(Dataset excerpts)
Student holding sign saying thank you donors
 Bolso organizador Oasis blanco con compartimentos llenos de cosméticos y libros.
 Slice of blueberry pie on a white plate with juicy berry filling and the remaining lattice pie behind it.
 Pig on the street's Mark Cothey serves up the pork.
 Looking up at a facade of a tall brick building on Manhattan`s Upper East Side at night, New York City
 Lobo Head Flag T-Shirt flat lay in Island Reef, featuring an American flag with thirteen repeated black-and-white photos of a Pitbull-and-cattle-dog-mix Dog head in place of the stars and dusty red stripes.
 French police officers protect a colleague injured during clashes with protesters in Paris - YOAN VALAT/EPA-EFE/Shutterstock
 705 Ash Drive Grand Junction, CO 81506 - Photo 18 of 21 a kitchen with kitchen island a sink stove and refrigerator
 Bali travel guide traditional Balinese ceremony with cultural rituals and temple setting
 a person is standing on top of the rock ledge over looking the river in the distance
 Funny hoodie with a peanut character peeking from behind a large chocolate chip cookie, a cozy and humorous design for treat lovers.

## EXERCISE PROMPT:
All entries above are to be repeated verbatim, down to the last line.

## WRITTEN RESPONSE:
Student holding sign saying thank you donors
 Bolso organizador Oasis blanco con compartimentos llenos de cosméticos y libros.
 Slice of blueberry pie on a white plate with juicy berry filling and the remaining lattice pie behind it.
 Pig on the street's Mark Cothey serves up the pork.
 Looking up at a facade of a tall brick building on Manhattan`s Upper East Side at night, New York City
 Lobo Head Flag T-Shirt flat lay in Island Reef, featuring an American flag with thirteen repeated black-and-white photos of a Pitbull-and-cattle-dog-mix Dog head in place of the stars and dusty red stripes.
 French police officers protect a colleague injured during clashes with protesters in Paris - YOAN VALAT/EPA-EFE/Shutterstock
 705 Ash Drive Grand Junction, CO 81506 - Photo 18 of 21 a kitchen with kitchen island a sink stove and refrigerator
 Bali travel guide traditional Balinese ceremony with cultural rituals and temple setting
 a person is standing on top of the rock ledge over looking the river in the distance
 Funny hoodie with a peanut character peeking from behind a large chocolate chip cookie, a cozy and humorous design for treat lovers.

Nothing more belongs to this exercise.